Lors de la prochaine réunion du Conseil d’acquisition de la défense (DAC), présidée par le ministre de la Défense Rajnath Singh le 26 décembre, des propositions concernant l’intégration de véhicules de poste de commandement supplémentaires pour les formations de défense aérienne de l’Armée indienne devraient être examinées. Cette initiative illustre l’importance grandissante accordée au renforcement des capacités de commandement, de contrôle et de coordination au sein de l’Arme de défense aérienne de l’Armée (AAD), notamment à la lumière des récentes expériences opérationnelles.

À la suite de l’opération Sindoor — les frappes antiterroristes menées plus tôt cette année contre des cibles au Pakistan et dans la région du Cachemire sous administration pakistanaise — l’Arme de défense aérienne a mis en avant la nécessité de disposer d’un nombre accru de postes de commandement mobiles et résistants. Ces opérations ont souligné le rôle fondamental d’une coordination en temps réel des moyens de défense aérienne dans un environnement opérationnel à haute cadence, fortement dépendant des technologies, où les menaces émergent souvent sans préavis.

Les véhicules de poste de commandement jouent un rôle central en tant que centres névralgiques des unités de défense aérienne. Ils permettent l’intégration des données opérationnelles de base, des informations issues des capteurs, des flux vidéo et des communications provenant de multiples sources. Ces postes offrent aux commandants la capacité de construire une image aérienne cohérente, de prendre des décisions rapidement et de transmettre efficacement les instructions aux unités de tir déployées sur de vastes zones. Dans les scénarios de conflits modernes, notamment ceux incluant des drones, des missiles de croisière et des menaces aériennes à basse altitude, la rapidité et la qualité du flux d’informations au sein de ces postes de commandement influencent directement la réussite des missions.

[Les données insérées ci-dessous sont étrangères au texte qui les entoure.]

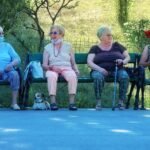 Senhoras idosas sentadas no banco da parque conversando e passeando com seus pets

L’Arme de défense aérienne cherche donc à accroître son parc de véhicules de poste de commandement afin d’assurer une redondance, une couverture plus étendue et le maintien des opérations lors de contingences prolongées ou multilatérales. Si le DAC valide cette proposition, cela constituera une étape supplémentaire vers l’adaptation de l’architecture indienne de défense aérienne en tenant compte des enseignements tirés des récentes opérations, tout en l’alignant sur la dynamique globale de guerre centrée sur le réseau et numériquement intégrée que développent les forces armées indiennes.